■ TASK BRIEF ■
What you should give back is every line from the one containing "Synyster Gates." through the last line of the records below, word for word and without pictures.

━━━━━━

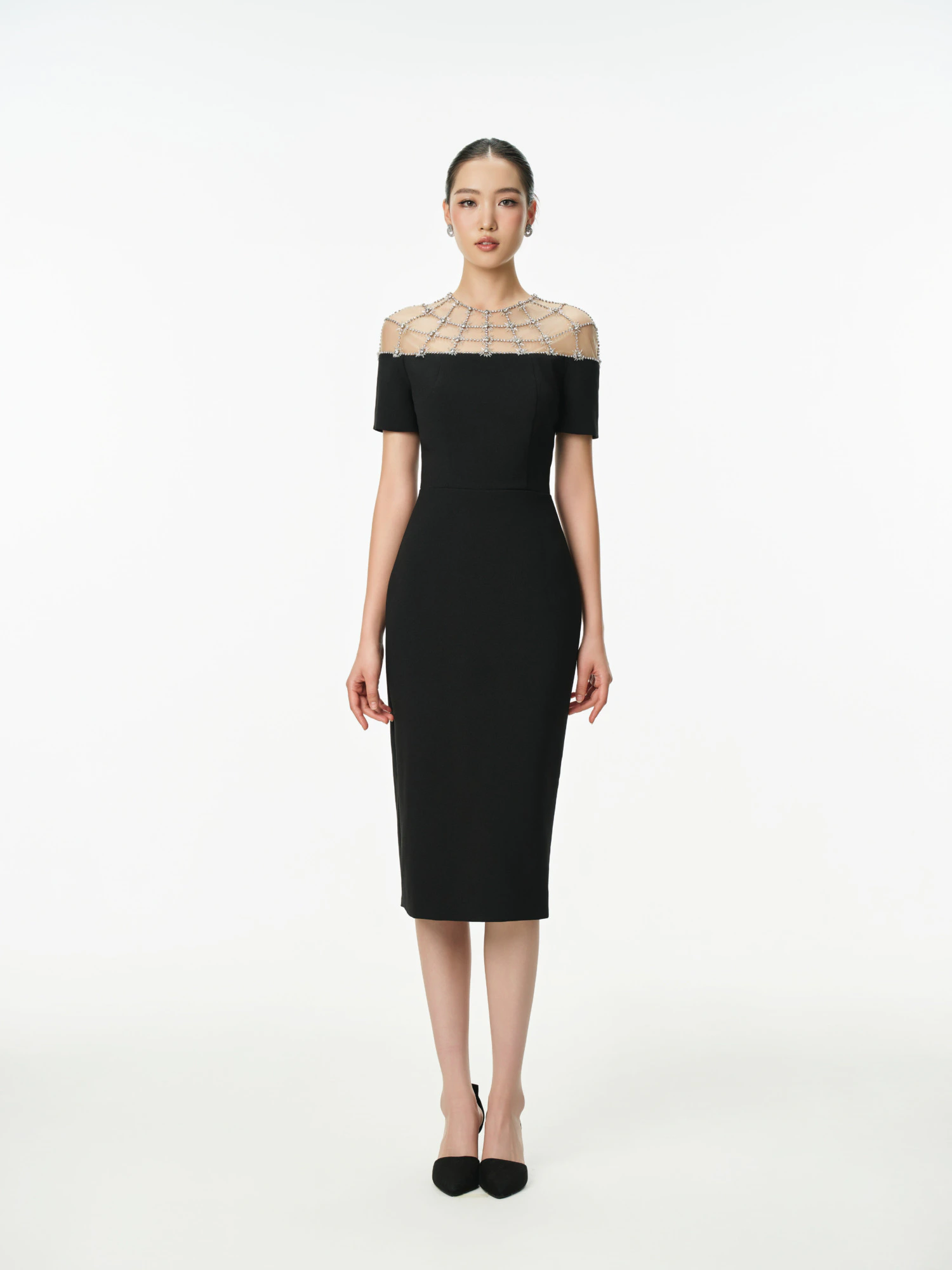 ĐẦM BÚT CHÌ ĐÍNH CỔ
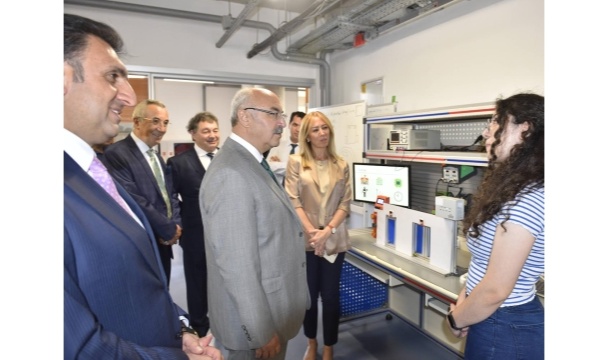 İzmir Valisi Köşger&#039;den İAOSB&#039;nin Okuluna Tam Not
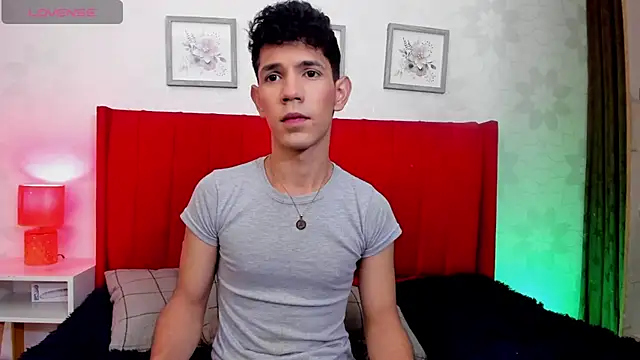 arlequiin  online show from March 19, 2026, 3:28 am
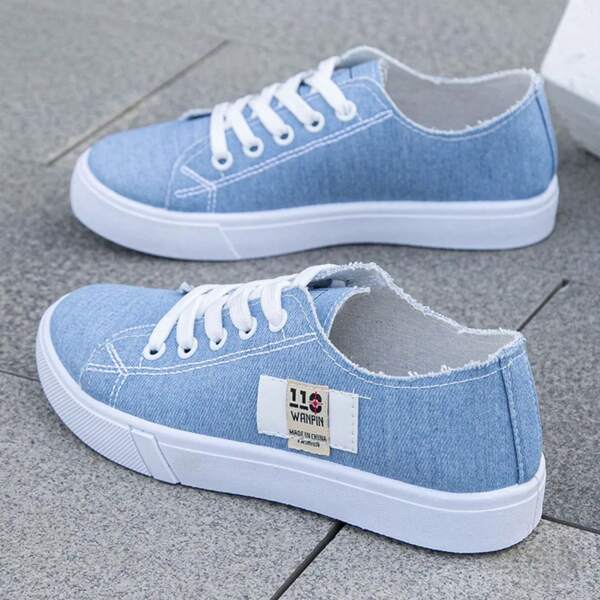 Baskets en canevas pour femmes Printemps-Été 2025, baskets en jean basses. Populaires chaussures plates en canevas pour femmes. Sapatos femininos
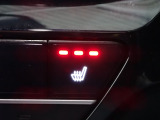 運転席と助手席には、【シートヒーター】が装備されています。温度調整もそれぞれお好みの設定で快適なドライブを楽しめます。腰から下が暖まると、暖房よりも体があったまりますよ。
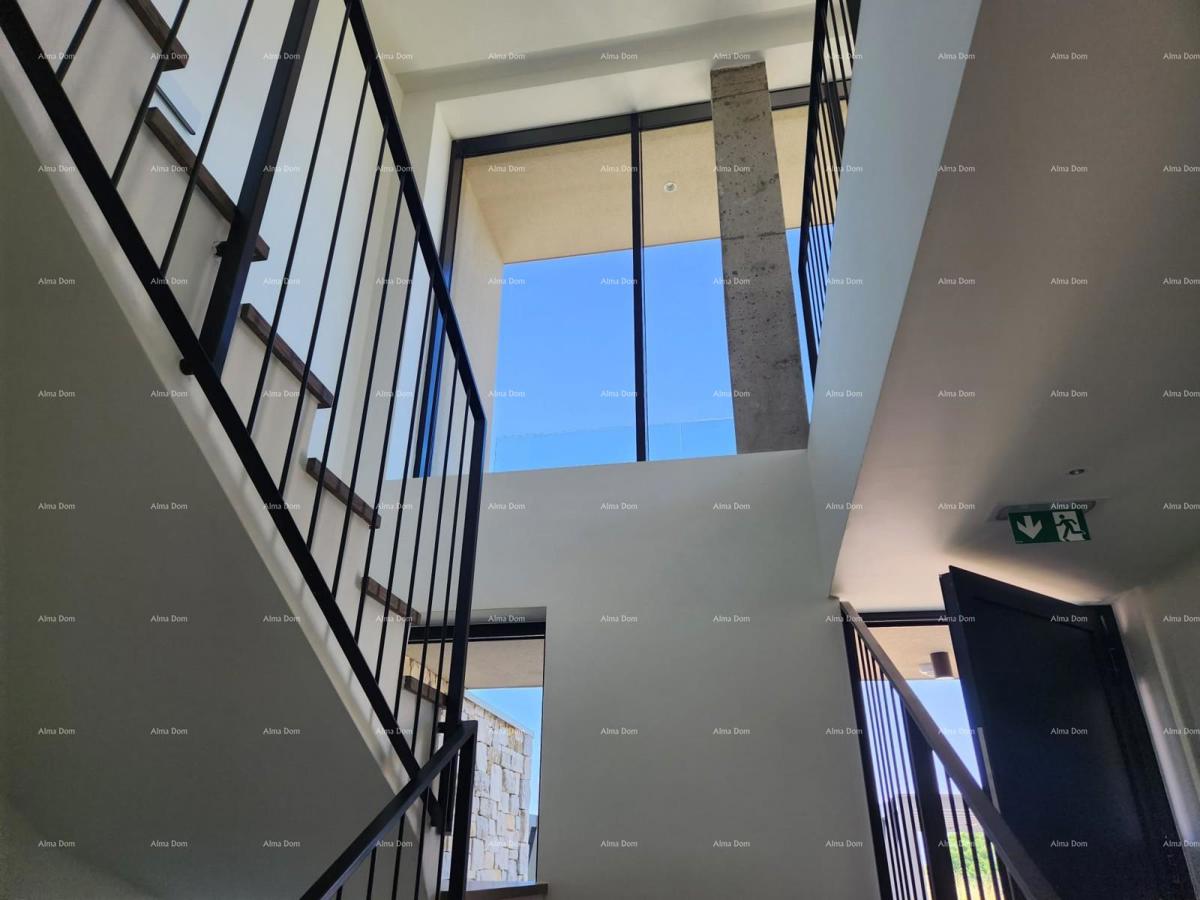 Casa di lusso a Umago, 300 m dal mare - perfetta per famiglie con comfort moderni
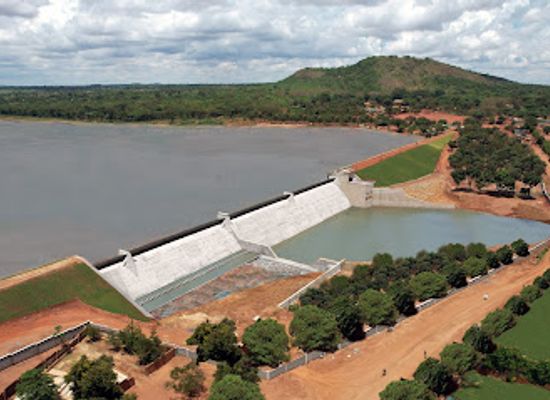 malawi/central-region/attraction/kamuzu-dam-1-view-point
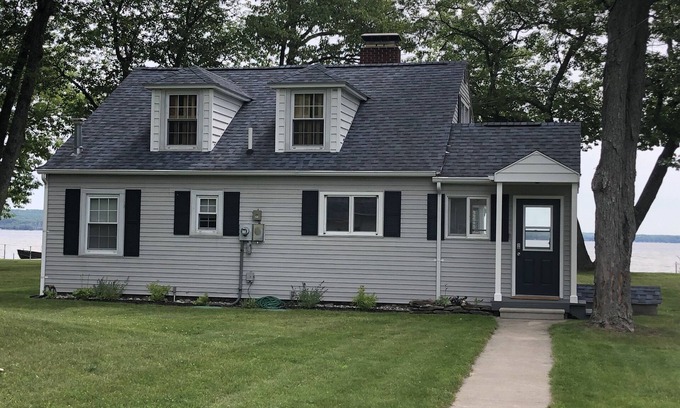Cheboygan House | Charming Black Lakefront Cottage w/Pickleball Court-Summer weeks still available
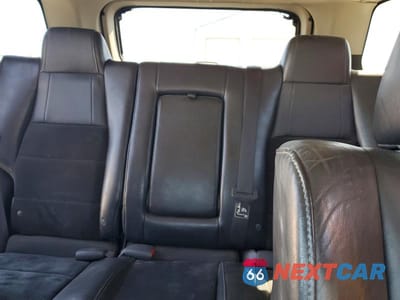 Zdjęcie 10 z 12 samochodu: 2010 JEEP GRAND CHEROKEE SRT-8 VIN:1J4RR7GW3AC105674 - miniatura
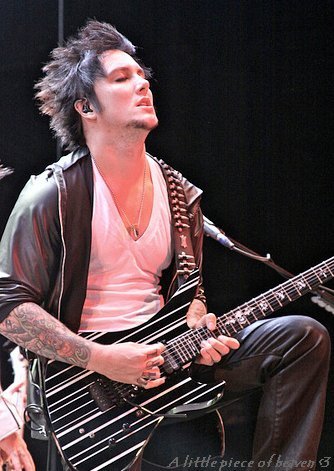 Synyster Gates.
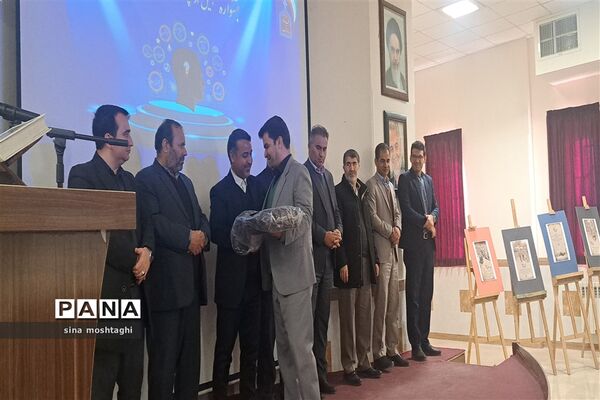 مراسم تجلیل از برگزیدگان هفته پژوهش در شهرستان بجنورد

━━━━━━

■ SOLUTION FOR THIS TASK ■
 Synyster Gates.
 مراسم تجلیل از برگزیدگان هفته پژوهش در شهرستان بجنورد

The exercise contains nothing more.